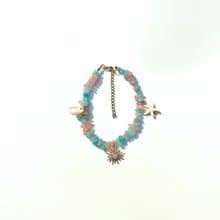 Anklet Sun,Sand,Sea,You&Me • Handmade 18k Gold Anklet • Pastel Sourvanir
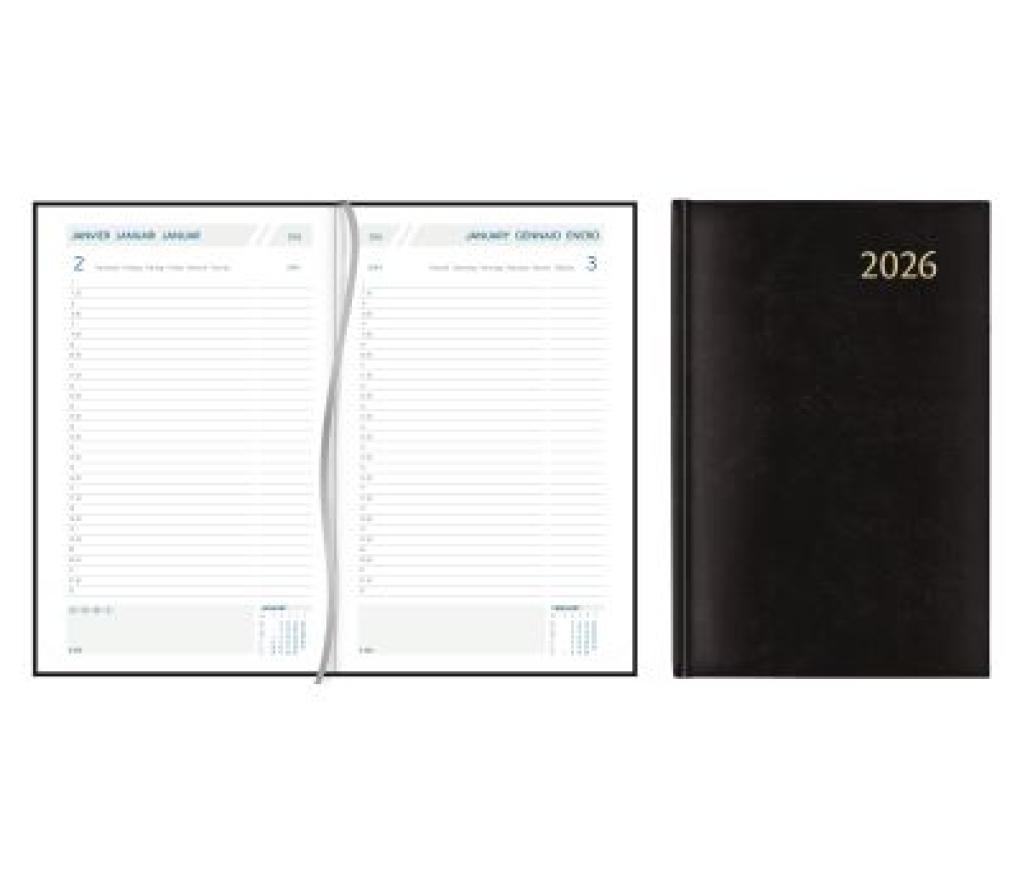 Agenda bureelmodel Daily 140 x 210 mm 1D/1P balacron gewatteerd - Per stuk
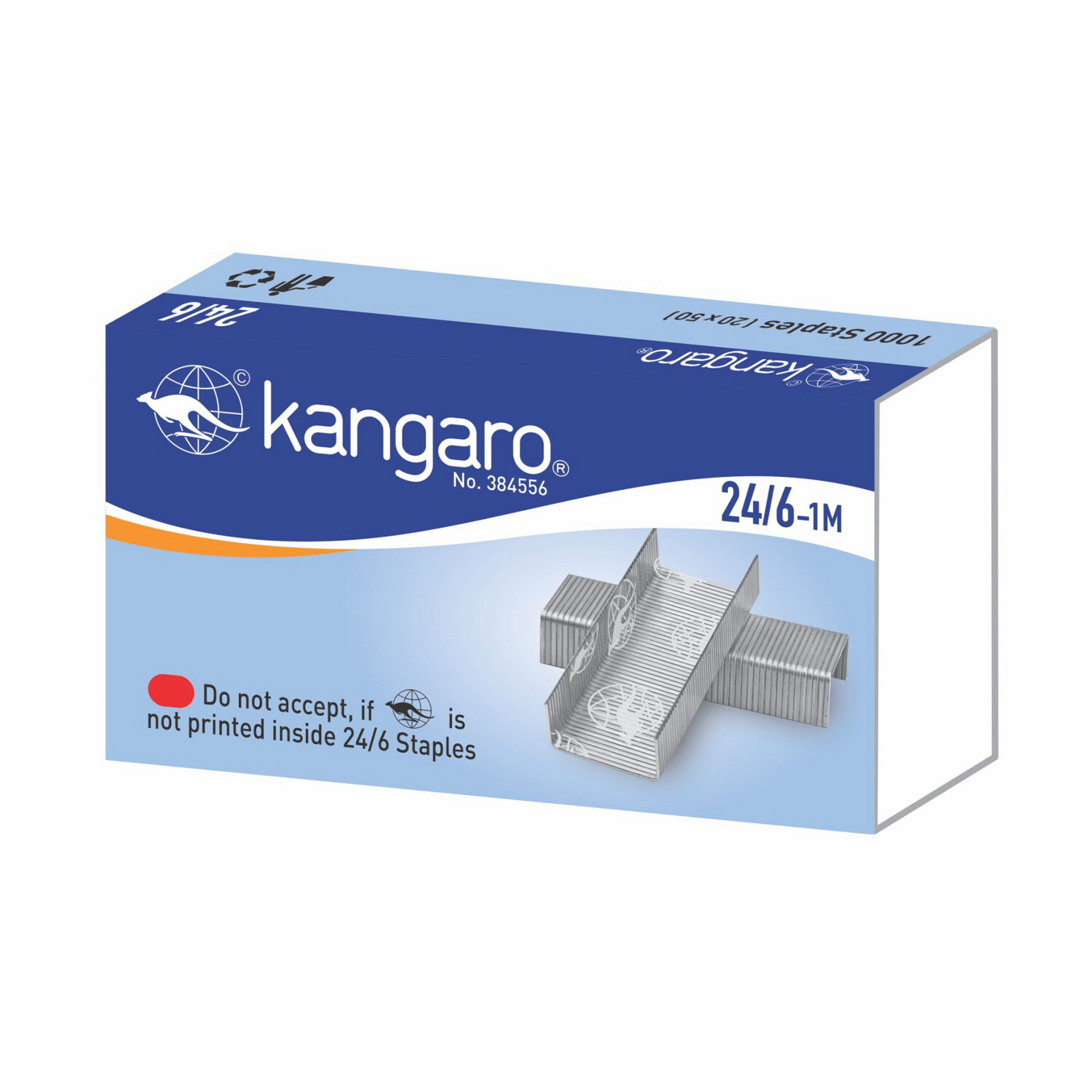 KANGARO 1000 STAPLES 24/6-1M
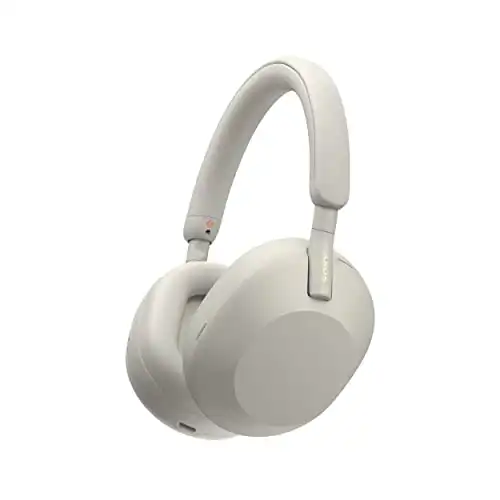 Sony WH-1000XM5 The Best Wireless Noise Canceling Headphones with Auto Noise Canceling Optimizer, Crystal Clear Hands-Free Calling, and Alexa Voice Control, Silver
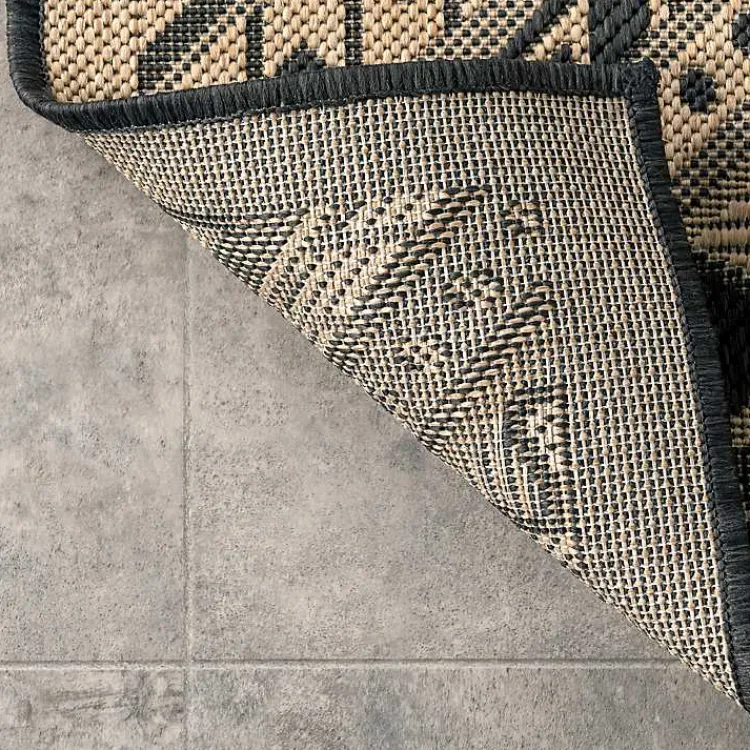 Kirklands Home Landy Dark Gray Aztec Outdoor Rug, 8x10 Online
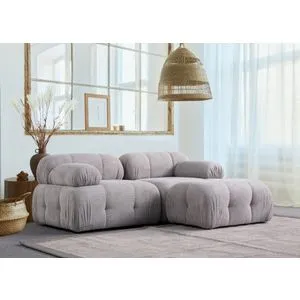 Petite 2 - Light Grey Light Grey Corner Sofa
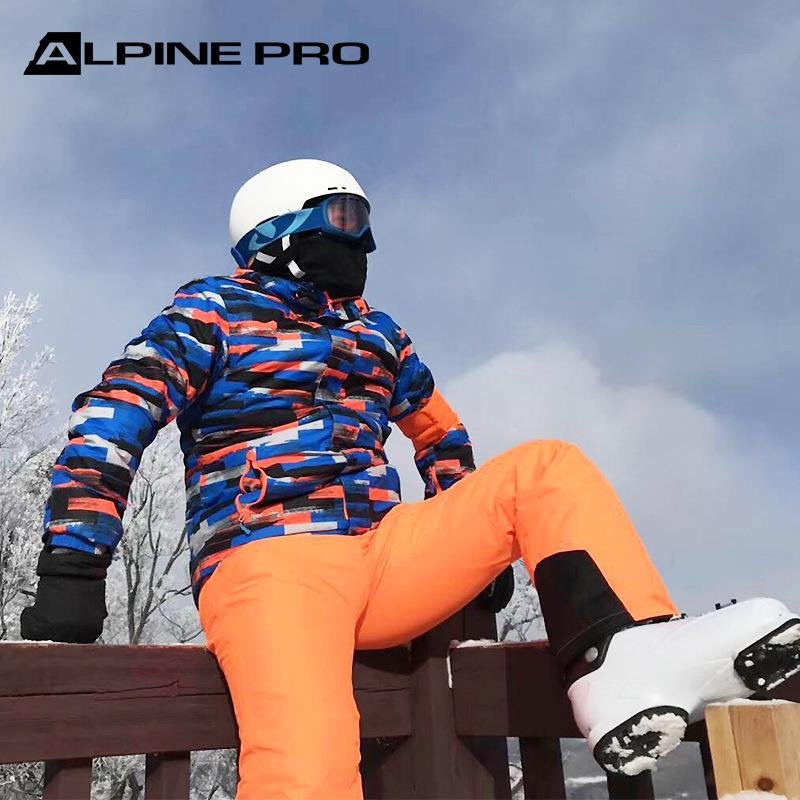 The man in the air-skipper suit for a man in the air and wind-proof weather during the winter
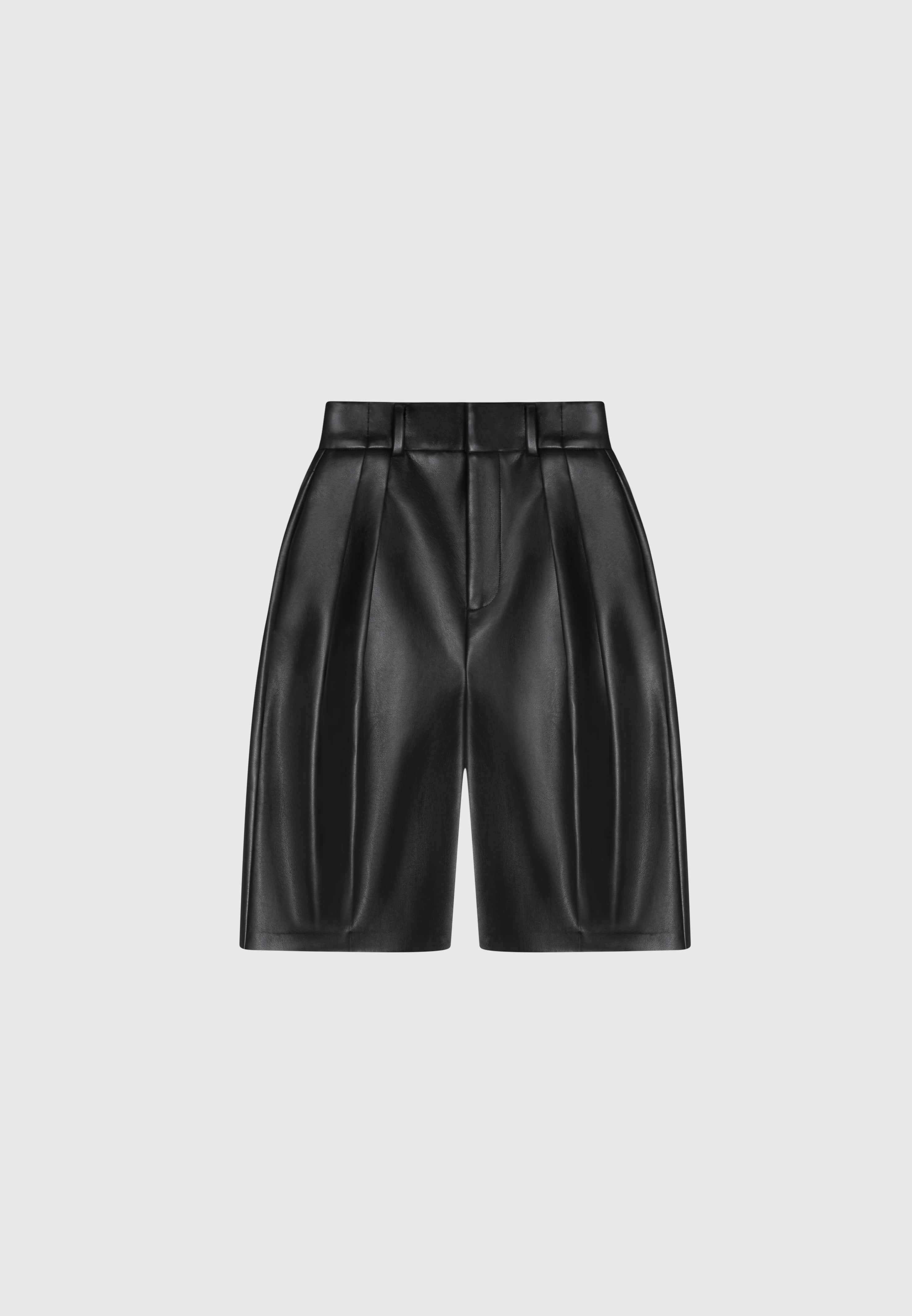 vegan-leather-tailored-city-shorts-black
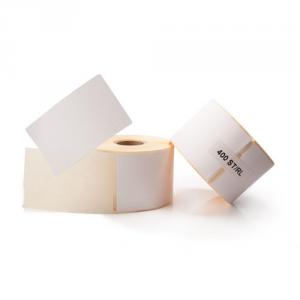 10 etikettrullar med klister till Zebraskrivare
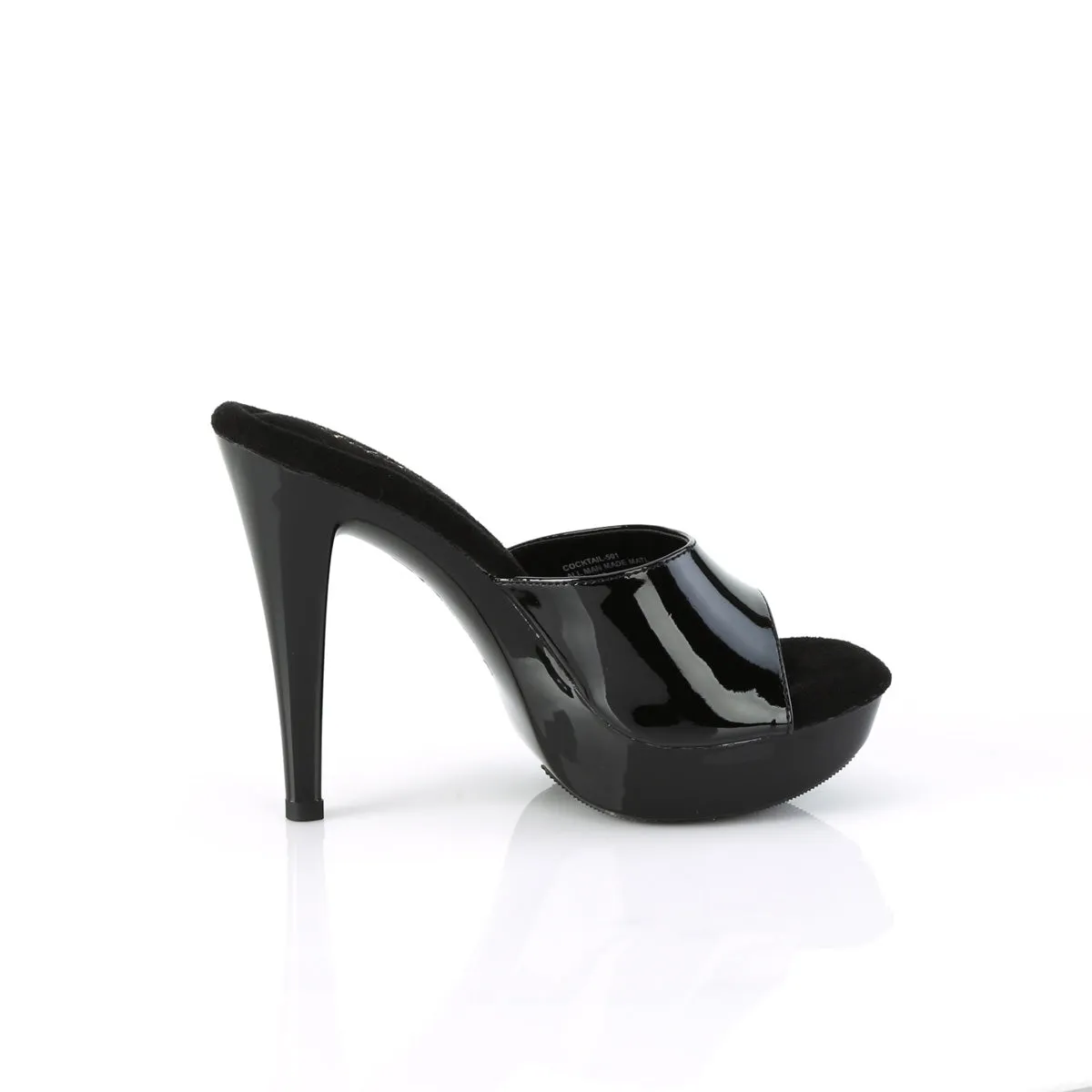 COCKTAIL-501 Fabulicious 5" Cocktail Black Sexy Shoes (High Heels)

Work instruction: In the answer, all of the material should appear exactly as given, with no picture carried over.

Problem solution:
 Anklet Sun,Sand,Sea,You&Me • Handmade 18k Gold Anklet • Pastel Sourvanir
 Agenda bureelmodel Daily 140 x 210 mm 1D/1P balacron gewatteerd - Per stuk
 KANGARO 1000 STAPLES 24/6-1M
 Sony WH-1000XM5 The Best Wireless Noise Canceling Headphones with Auto Noise Canceling Optimizer, Crystal Clear Hands-Free Calling, and Alexa Voice Control, Silver
 Kirklands Home Landy Dark Gray Aztec Outdoor Rug, 8x10 Online
 Petite 2 - Light Grey Light Grey Corner Sofa
 The man in the air-skipper suit for a man in the air and wind-proof weather during the winter
 vegan-leather-tailored-city-shorts-black
 10 etikettrullar med klister till Zebraskrivare
 COCKTAIL-501 Fabulicious 5" Cocktail Black Sexy Shoes (High Heels)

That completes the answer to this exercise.